È morto Giampiero Boniperti, presidente onorario e icona della Juve

ANTONIO BARILLÀ – pubblicato il 18 Giugno 2021 su LA STAMPA

Avrebbe compiuto 93 anni il 4 luglio. I funerali si svolgeranno in forma privata. La sua prima firma in bianconero è datata 22 maggio 1946

TORINO. Gli occhi chiari di Gampiero Boniperti si sono spenti per sempre in una notte di inizio estate, adesso sorridono dentro un album bianconero da sfogliare con un filo di soggezione: una leggenda, e non è modo di dire, il Santiago Bernabeu italiano, simbolo della Juventus e monumento del calcio oltre le barriere del tifo. Un calcio romantico, ormai appannato ricordo, dove le mani strette valevano più di una firma e i campioni non erano così distanti dalla gente, dove i presidenti erano papà e il business non contaminava le emozioni. Avrebbe compiuto 93 anni il 4 luglio, i funerali si svolgeranno nei prossimi giorni in forma privata per volere della famiglia.

Il primo contratto con la Juventus lo firmò il 22 maggio ’46, dentro il sottopassaggio del Comunale che dal prato portava agli spogliatoi. L’allenatore Felice Borel, dopo essere rimasto ben impressionato in un provino, volle vederlo ancora in un test tra le Riserve e il Fossano: finì 7-0 e lui segnò 7 gol, gli allungarono la penna appena uscito dal campo. Cominciò un’epopea fatta di dribbling e virtuosismi, soprattutto di gol: per ognuno, come premio, s’era accordato d’avere una mucca che andava a scegliere personalmente nei poderi degli Agnelli, e i fattori si lamentavano perché portava sempre via quelle gravide. Cominciò da centravanti, chiuse da centrocampista, vinse cinque scudetti e due coppe Italia, interpretò con John Charles e Omar Sivori uno dei tridenti più affascinanti di sempre, s’impose come talento internazionale (migliore in campo nel Resto del mondo dove fu convocato, unico italiano, per festeggiare i 90 anni della federazione inglese), resistette alle lusinghe di altri grandi club.

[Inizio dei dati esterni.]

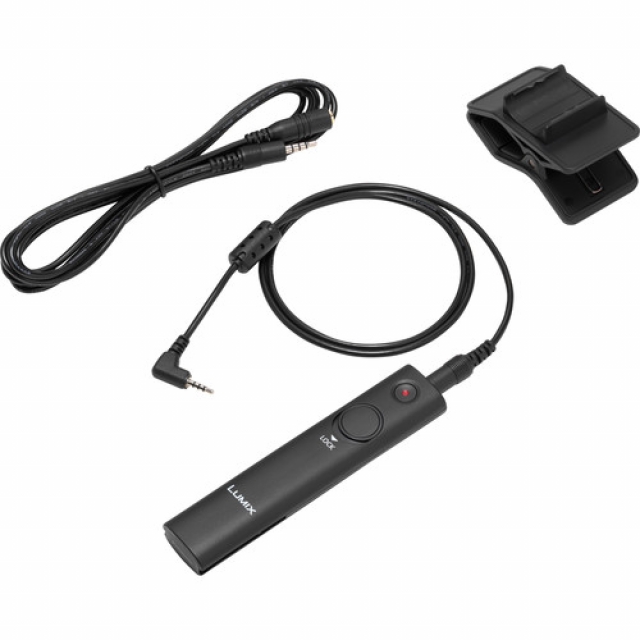 Panasonic lumix Panasonic Remote Shutter S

Lo corteggiò anche il Toro, su suggerimento di Valentino Mazzola, lui accettò l’invito del presidente Novo per gentilezza però nemmeno ascoltò la proposta: «Sono della Juve, non posso» disse semplicemente. Vestì così la maglia granata una sola, volta, in una partita di beneficenza nel ricordo del Grande Torino, il resto furono stracittadine feroci eppure corrette: «Se potessi le abolirei, il derby mi consuma: amo troppo la Juve e ho così rispetto per il Toro che non può essere altrimenti». Lasciò il calcio giocato nel 1961, dopo il famoso 9-1 sull’Inter scesa in campo con i ragazzini per protesta: a fine gara, senza preavviso, si sfilò gli scarpini e li consegnò al magazziniere: «Tieni, a me non servono più».

Rimase nei quadri dirigenziali e nel ‘71 diventò presidente, costruì una grandissima Juve e vinse perfino più che da calciatore, insegnò una disciplina ferrea («Presentarsi con i capelli corti e ordinati» raccomandava nelle lettere di convocazione) e puntò con forza sullo stile e sull’immagine del club. Arrivarono nove scudetti, due coppe Italia e i primi trofei internazionali della storia: Coppa dei Campioni, Uefa, Supercoppa Uefa e Coppa delle Coppe. Proverbiali, come le tribune lasciate a fine primo tempo e i procuratori lasciati fuori dalla porta, le trattative con i calciatori sugli ingaggi: per respingere le richieste d’aumento, mostrava a volte le foto di modesti avversari con cui era capitato di perdere oppure ritagli di giornale che raccontavano prestazioni opache, e così, in un colpo, faceva gli interessi societari e pungolava i suoi ragazzi.

Si dimise nel ’90, quando la Juventus tentò un nuovo corso e una rivoluzione estetica, naufragata in fretta, con Gigi Maifredi, ma dopo una breve esperienza come capodelegazione azzurro ai Mondiali 90 tornò come amministratore delegato per un triennio, vincendo ancora una coppa Uefa. Fuori dalla Juve nell’epoca di Giraudo e Moggi, riapparve come presidente onorario dopo Calciopoli. Non smise mai, però, di essere custode della juventinità e un episodio commovente lo racconta. Nel 2000, quando morì Parola, Boniperti volle annodargli al collo la cravatta della sua vecchia divisa sociale: «L’ho fatto raccontò – anche se non avevo ruoli operativi, ma lui alla Juventus aveva portato signorilità, eleganza e gloria». Anche Boniperti, anzi di più: nell’ultimo viaggio lo immaginiamo con una cravatta bianconera bellissima.